= IZZ =

American progressive rock band

IZZ is a New York-based progressive rock band. Its music is inspired by such classic progressive groups as Genesis, Yes, King Crimson, Emerson, Lake & Palmer, and Renaissance and is often infused with pop hooks à la The Beatles. The band's name comes from the nickname of baseball relief pitcher Jason Isringhausen, who was once on the New York Mets, a team favored by John Galgano.

The group has performed at American progressive rock festivals RoSfest, NEARfest, The Rogue Independent Music Festival, CalProg, and ProgDay.

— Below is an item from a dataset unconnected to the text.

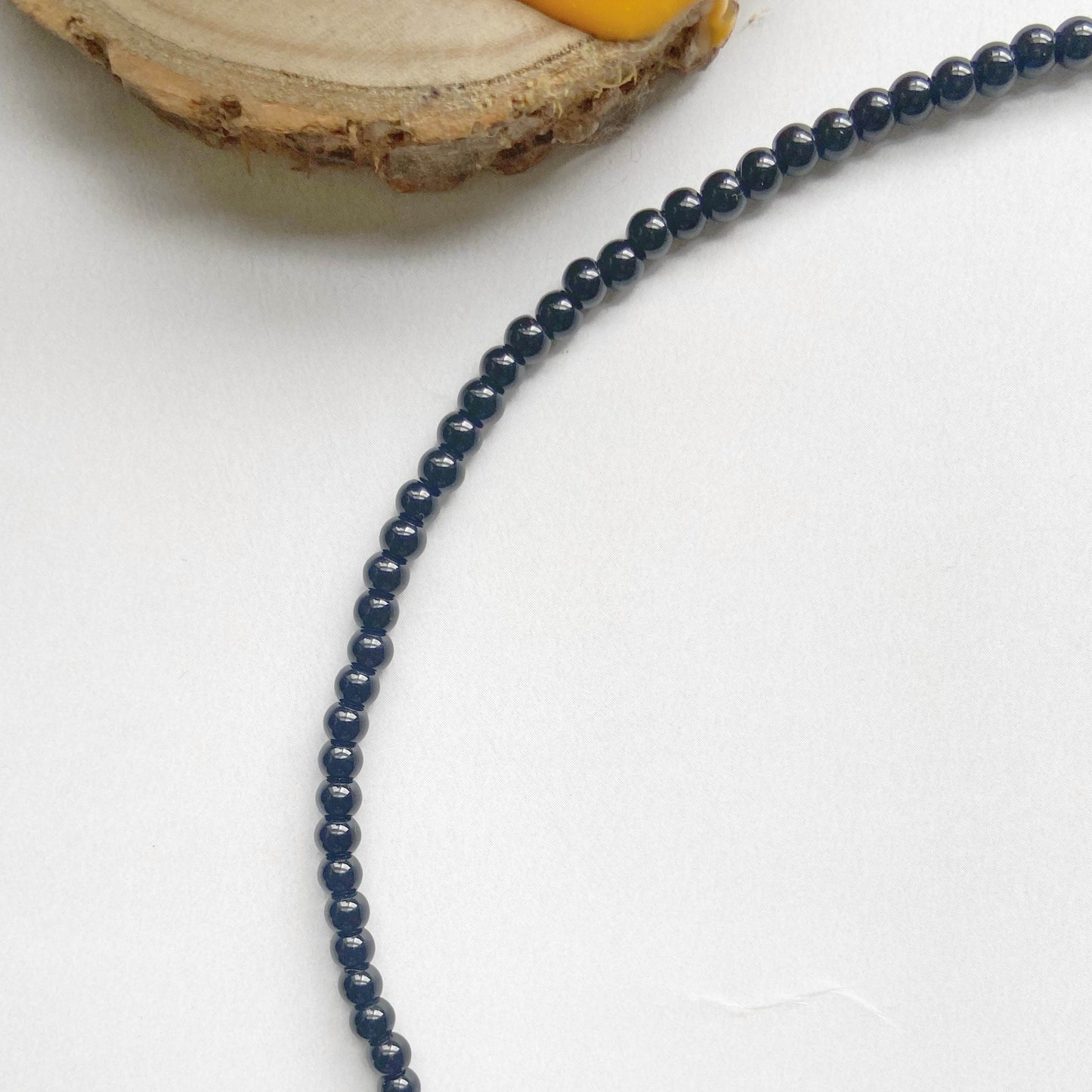 Black Obsidian Mini Beads Necklace Crystal Jewellery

IZZ's album Crush of Night, released in May 2012, serves as part 2 of a 3-part series of thematic albums that began with The Darkened Room in 2009. It features a guest appearance by Gary Green of Gentle Giant on "Words and Miracles" (electric guitar, guitar solos and backing vocals) and "The Crush of Night" (guitar solo).

== Current members ==
- Tom Galgano - keyboards, vocals
- John Galgano - bass, guitar, vocals, keyboards
- Paul Bremner - guitars
- Greg DiMiceli - acoustic drums, percussion
- Brian Coralian - acoustic and electronic drums, percussion
- Anmarie Byrnes - vocals
- Laura Meade - vocals

== Discography ==
- Sliver of a Sun. Liquid, 1998.
- I Move. Outburst Records, 2002.
- Ampersand Volume 1. Doone Records, 2004.
- My River Flows. Doone Records, 2005.
- IZZ Live at NEARfest. Doone Records, 2007.
- The Darkened Room. Doone Records, 2009.
- Crush of Night. Doone Records, 2012.
- Everlasting Instant. Doone Records, 2015.
- Ampersand, Volume 2. Doone Records, 2016.
- Don't Panic. Doone Records, 2019.
- Half Life (EP). Doone Records, 2020.
- I Move (Anniversary Edition), 2023.
- Collapse The Wave. Doone Records, 2024.